DALLAS--(BUSINESS WIRE)--Trinity Industries, Inc. (NYSE:TRN) today announced it has sold the assets of its subsidiary, U.S. Galvanizing, LLC, (“USG”) to AZZ incorporated (NYSE: AZZ). USG primarily provides corrosion protection services in the form of hot dip galvanizing to steel fabricators focused in the Southern United States. The business has six facilities in Texas, Mississippi and Louisiana, all of which are included in the sale. Trinity assembled the current facility footprint during the past several years through a number of acquisitions.
In August of 2014, Trinity acquired the assets of Meyer Steel Structures (“Meyer”), a leading manufacturer of steel structures for electricity transmission and distribution. Meyer has maintained a long-term strategic supply relationship for hot dip galvanizing of its products with AZZ. As part of this divestiture, Meyer and AZZ have agreed to enhance and extend their relationship to create incremental value for both companies. Going forward, AZZ will be the primary supplier of hot dip galvanizing for Meyer.
“From a strategic perspective, AZZ possesses the industry scale to serve Meyer effectively over the long term,” said Timothy R. Wallace, Trinity’s Chairman, CEO, and President. “Divesting of USG provides Trinity with capital to reinvest in other strategic opportunities,” added Mr. Wallace.
The assets and results of operations for the USG divestiture were included in the Construction Products Group for financial reporting purposes. USG reported revenues of approximately $32 million in 2014 and approximately $9 million in the first quarter of 2015. The impact of the divestiture was not included in Trinity’s latest 2015 annual earnings guidance, and it is not expected to be material to the consolidated results.

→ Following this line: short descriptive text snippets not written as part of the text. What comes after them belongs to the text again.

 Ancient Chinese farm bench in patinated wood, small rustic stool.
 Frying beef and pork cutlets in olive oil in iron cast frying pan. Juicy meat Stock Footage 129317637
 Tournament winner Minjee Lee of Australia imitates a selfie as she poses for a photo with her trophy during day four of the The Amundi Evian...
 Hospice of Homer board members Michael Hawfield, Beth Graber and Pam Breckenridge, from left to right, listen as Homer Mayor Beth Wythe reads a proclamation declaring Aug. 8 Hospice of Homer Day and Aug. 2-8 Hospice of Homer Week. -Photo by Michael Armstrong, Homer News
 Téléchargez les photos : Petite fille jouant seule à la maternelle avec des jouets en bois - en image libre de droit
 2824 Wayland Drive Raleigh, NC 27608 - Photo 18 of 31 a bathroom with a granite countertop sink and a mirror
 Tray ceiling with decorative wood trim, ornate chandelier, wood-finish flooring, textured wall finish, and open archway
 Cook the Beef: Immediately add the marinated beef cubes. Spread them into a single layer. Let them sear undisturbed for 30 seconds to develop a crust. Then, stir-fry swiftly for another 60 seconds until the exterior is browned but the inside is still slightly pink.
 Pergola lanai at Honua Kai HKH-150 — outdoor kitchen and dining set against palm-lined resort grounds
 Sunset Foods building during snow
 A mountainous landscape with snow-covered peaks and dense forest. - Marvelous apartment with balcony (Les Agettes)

Trinity Industries, Inc., headquartered in Dallas, Texas, is a diversified industrial company that owns market-leading businesses which provide products and services to the energy, transportation, chemical and construction sectors. Trinity reports its financial results in five principal business segments: the Rail Group, the Railcar Leasing and Management Services Group, the Inland Barge Group, the Construction Products Group, and the Energy Equipment Group. For more information, visit: www.trin.net.
Some statements in this release, which are not historical facts, are “forward-looking statements” as defined by the Private Securities Litigation Reform Act of 1995. Forward-looking statements include statements about Trinity's estimates, expectations, beliefs, intentions or strategies for the future, and the assumptions underlying these forward-looking statements. Trinity uses the words “anticipates,” “believes,” “estimates,” “expects,” “intends,” “forecasts,” “may,” “will,” “should,” and similar expressions to identify these forward-looking statements. Forward-looking statements involve risks and uncertainties that could cause actual results to differ materially from historical experience or our present expectations. For a discussion of such risks and uncertainties, which could cause actual results to differ from those contained in the forward-looking statements, see “Forward-Looking Statements” in the Company's Annual Report on Form 10-K for the most recent fiscal year.